The benefits of the bittersweet

It's no surprise I used to hate the word bittersweet. And I don't use the word hate lightly. Hate, after all, used to be a negative emotion. I just thought in more black & white terms back then, if it's sweet it's sweet, it can't also be bitter, or hard, or upsetting. Or at least, through my rose-coloured glasses I thought, it should not be.

But as I began to absorb and incorporate the truth of 'feeling all the feels', I began to see the truth behind the word bittersweet. And I worked to embrace finding more bittersweet in my life. I intentionally practiced holding space for all the emotions trying to get my attention, especially where I'd done them a disservice in the past. When hard things happened, I resisted avoiding or glossing over the challenging emotions that came with. When enjoying fellowship with friends, I worked at believing I wasn't spoiling the pleasantness if I was honest about going through something difficult. I found my highs and lows balancing out, neither extreme gripping me like they used to. This more even keel of reality motivated me to begin to seek out more practices that could proactively help me embrace & express the emotions guiding me to healthier thoughts and actions.

This is when I was also deep diving into how art can also help, in that same vein of 'no holds barred' open expression. Through a variety of concepts and practices I found in different art books, I pieced together something I call Bittersweet Bits.
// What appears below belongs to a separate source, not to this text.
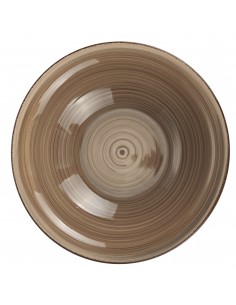 LIPARI PIATTO FONDO GRIGIO...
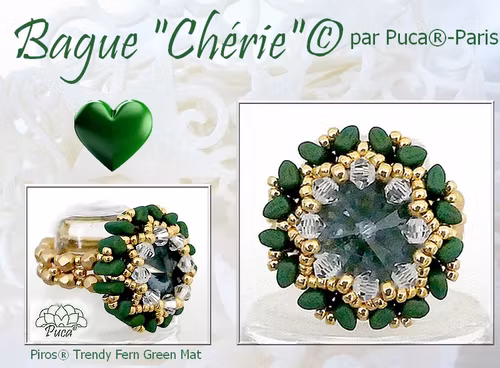 Chérie Ring PDF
Bittersweet Bits are moments of our day we choose to reflect on and take a balanced view of, beginning with reflecting on what we can be grateful for from an experience or situation, but then also acknowledging what was hard about that moment. The word bittersweet is the epitome of the concept that something can be two things at once, a moment can be sweet at the same time as it is bitter, and there is space for both to be held and honored.
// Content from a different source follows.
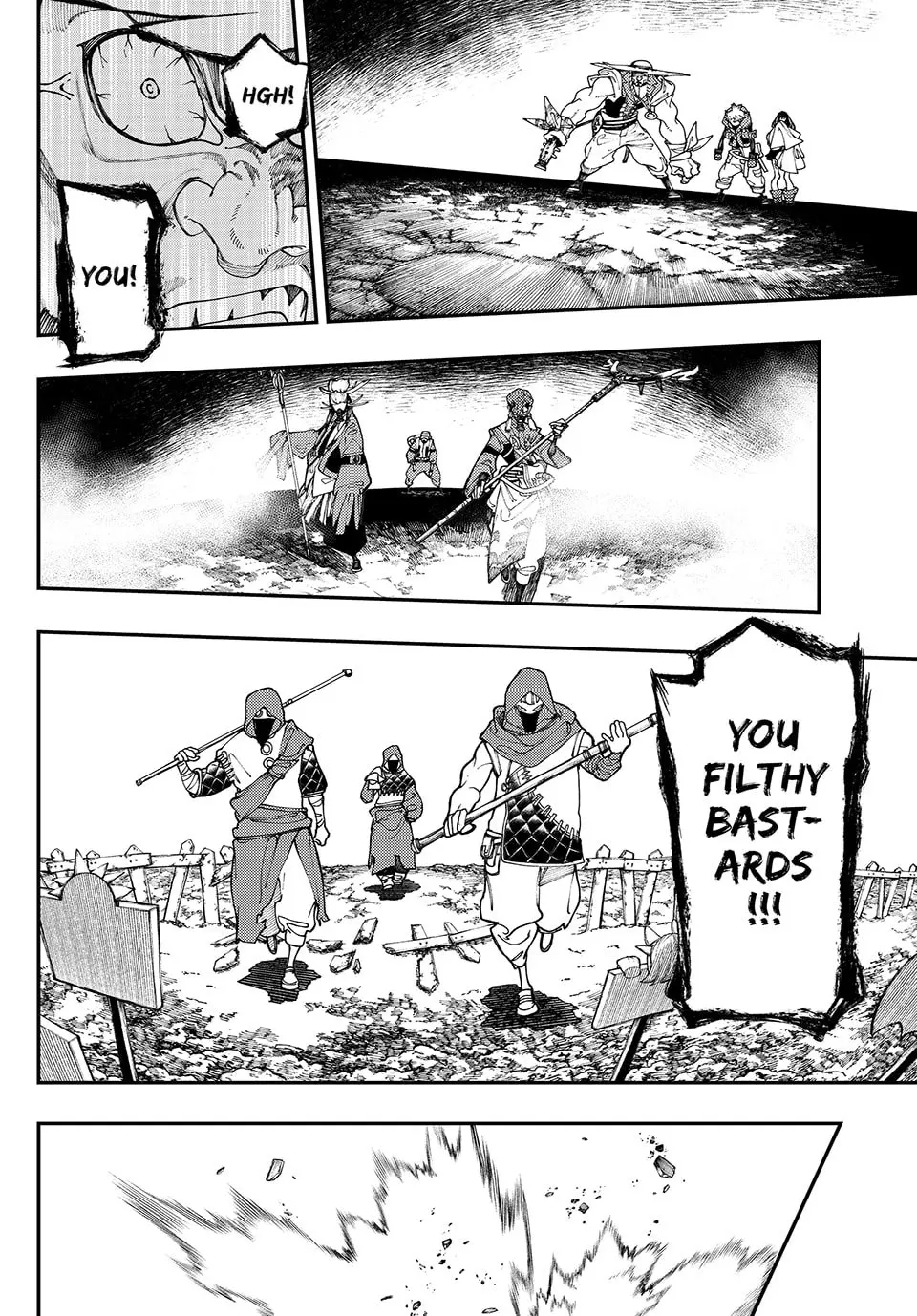 Gachiakuta Manga — Chapter 36 — Page 8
More than a year after I coined this term and started incorporating how I could use it in the art journaling courses I was planning, I started seeing more of the world embracing the benefits of the bittersweet. One of my new favorite blogs (or podcast if you'd rather listen) that deals with loss & grief wrote this post with an excellent take on the importance and prevalence of the bittersweet in life. It was really enlightening about how the bittersweet is inescapable and also beautiful. And her post led me to a book of the same title, Bittersweet by Shauna Niequist, that had a perfect quote about it.
"Bittersweet is the idea that in all things there is both something broken and something beautiful, that there is a moment of lightness on even the darkest of nights." ~ Shauna Niequist
Now these were terms I had long resonated with. Long before infertility, or even before meeting my husband, there was a relationship I thought had broke me, but God had revealed His light in that darkness, and showed me the beauty in me that had been amplified from being broken in that way. I had learned to seek out joy in all circumstances, searching for the light trying to get through those cracks. Or as psychology now calls them, glimmers amongst my triggers. This created a resilience in me, which really came through for me during the hardest moments of loss in motherhood, and all the pieces of the puzzle were coming together as I realized Bittersweet Bits were just a new iteration of that practice I had already been working on for years.

Yet another wave pulling me deeper into the truth. Good thing I love the ocean!